ConcurrentLinkedDeque Example – Non-blocking Thread-safe List

In java, most used data structure is probably a list. A list has an undetermined number of elements and you can add, read, or remove the element of any position. Additionally, concurrent lists allow the various threads to add or remove elements in the list at a time without producing any data inconsistency. And non-blocking lists provide operations that, if the operation can’t be done immediately, lists throw an exception or return a null value, depending on the operation. Java 7 has introduced the ConcurrentLinkedDeque class that implements a non-blocking concurrent list and in this tutorial, we will learn to use this class.

ConcurrentLinkedDeque Example

In this example, we are going to implement an example with the following two different tasks:

1. One that adds data to a list in large amount
2. One that removes data from the same list in large amount

Let’s create the threads for each task.

package com.howtodoinjava.demo.multithreading.concurrentLinkedDequeExample;

import java.util.concurrent.ConcurrentLinkedDeque;

public class AddTask implements Runnable {

	private ConcurrentLinkedDeque<String> list;

	public AddTask(ConcurrentLinkedDeque<String> list) {
		this.list = list;
	}

	@Override
	public void run() {
		String name = Thread.currentThread().getName();
		for (int i = 0; i < 10000; i++) {
			list.add(name + ": Element " + i);
		}
	}
}

and

package com.howtodoinjava.demo.multithreading.concurrentLinkedDequeExample;

import java.util.concurrent.ConcurrentLinkedDeque;

public class RemoveTask implements Runnable {

	private ConcurrentLinkedDeque<String> list;

	public RemoveTask(ConcurrentLinkedDeque<String> list) {
		this.list = list;
	}

	@Override
	public void run() {
		for (int i = 0; i < 5000; i++) {
			list.pollFirst();
			list.pollLast();
		}
	}
}

Now, let’s create 100 threads adding data into list and 100 threads for removing data from list. If the list is truly thread-safe and non-blocking, it will give you final result almost instantly. Moreover, list size in end will be zero.

package com.howtodoinjava.demo.multithreading.concurrentLinkedDequeExample;

import java.util.concurrent.ConcurrentLinkedDeque;

public class Main {
	public static void main(String[] args) 
	{
		ConcurrentLinkedDeque<String> list = new ConcurrentLinkedDeque<>();
		Thread threads[] = new Thread[100];

		for (int i = 0; i < threads.length; i++) {
			AddTask task = new AddTask(list);
			threads[i] = new Thread(task);
			threads[i].start();
		}
		System.out.printf("Main: %d AddTask threads have been launched\n", threads.length);

		for (int i = 0; i < threads.length; i++) {
			try {
				threads[i].join();
			} catch (InterruptedException e) {
				e.printStackTrace();
			}
		}
		System.out.printf("Main: Size of the List: %d\n", list.size());

		for (int i = 0; i < threads.length; i++) {
			RemoveTask task = new RemoveTask(list);
			threads[i] = new Thread(task);
			threads[i].start();
		}
		System.out.printf("Main: %d RemoveTask threads have been launched\n", threads.length);

		for (int i = 0; i < threads.length; i++) {
			try {
				threads[i].join();
			} catch (InterruptedException e) {
				e.printStackTrace();
			}
		}
		System.out.printf("Main: Size of the List: %d\n", list.size());
	}
}

Output:

Main: 100 AddTask threads have been launched
Main: Size of the List: 1000000
Main: 100 RemoveTask threads have been launched
Main: Size of the List: 0

Let’s see how it all worked:

1. First, you have executed 100 AddTask tasks to add elements to the list.
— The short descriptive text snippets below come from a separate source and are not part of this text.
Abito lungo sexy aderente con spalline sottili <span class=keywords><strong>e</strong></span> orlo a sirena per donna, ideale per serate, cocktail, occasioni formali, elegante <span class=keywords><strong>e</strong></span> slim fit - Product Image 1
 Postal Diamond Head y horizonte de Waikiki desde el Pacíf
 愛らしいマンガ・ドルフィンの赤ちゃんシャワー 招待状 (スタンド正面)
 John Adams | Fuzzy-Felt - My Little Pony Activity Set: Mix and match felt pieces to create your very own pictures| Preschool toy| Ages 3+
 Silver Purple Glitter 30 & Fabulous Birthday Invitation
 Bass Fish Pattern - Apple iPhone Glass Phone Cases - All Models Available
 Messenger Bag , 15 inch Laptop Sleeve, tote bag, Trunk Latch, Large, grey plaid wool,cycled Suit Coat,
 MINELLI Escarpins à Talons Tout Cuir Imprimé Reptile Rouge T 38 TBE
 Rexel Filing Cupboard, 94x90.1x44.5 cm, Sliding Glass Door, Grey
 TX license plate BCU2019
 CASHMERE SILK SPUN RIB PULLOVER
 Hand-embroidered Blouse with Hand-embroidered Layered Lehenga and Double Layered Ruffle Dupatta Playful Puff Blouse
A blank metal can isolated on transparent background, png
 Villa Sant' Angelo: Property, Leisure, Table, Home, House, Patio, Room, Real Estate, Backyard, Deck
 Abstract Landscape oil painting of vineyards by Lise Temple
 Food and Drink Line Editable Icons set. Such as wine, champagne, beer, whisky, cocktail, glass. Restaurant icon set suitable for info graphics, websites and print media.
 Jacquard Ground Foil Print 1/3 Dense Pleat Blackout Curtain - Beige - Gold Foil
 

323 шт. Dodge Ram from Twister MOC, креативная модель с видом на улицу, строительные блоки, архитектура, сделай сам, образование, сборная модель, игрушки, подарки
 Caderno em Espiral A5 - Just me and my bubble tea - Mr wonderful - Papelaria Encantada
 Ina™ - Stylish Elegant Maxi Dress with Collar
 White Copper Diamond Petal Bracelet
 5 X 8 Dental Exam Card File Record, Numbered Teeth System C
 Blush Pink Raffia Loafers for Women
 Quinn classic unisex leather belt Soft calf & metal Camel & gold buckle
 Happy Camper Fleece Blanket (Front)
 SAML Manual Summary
Each one of those tasks inserts 10,000 elements to the list using the add() method. This method adds the new elements at the end of the list. When all those tasks have finished, you have written in the console the number of elements of the list. At this moment, the list has 1,000,000 elements.
2. Then, you have executed 100 RemoveTask tasks to remove elements from the list. Each one of those tasks removes 10,000 elements of the list using the pollFirst() and pollLast() methods. The pollFirst() method returns and removes the first element of the list and the pollLast() method returns and removes the last element of the list. If the list is empty, these methods return a null value. When all those tasks have finished, you have written in the console the number of elements of the list. At this moment, the list has zero elements.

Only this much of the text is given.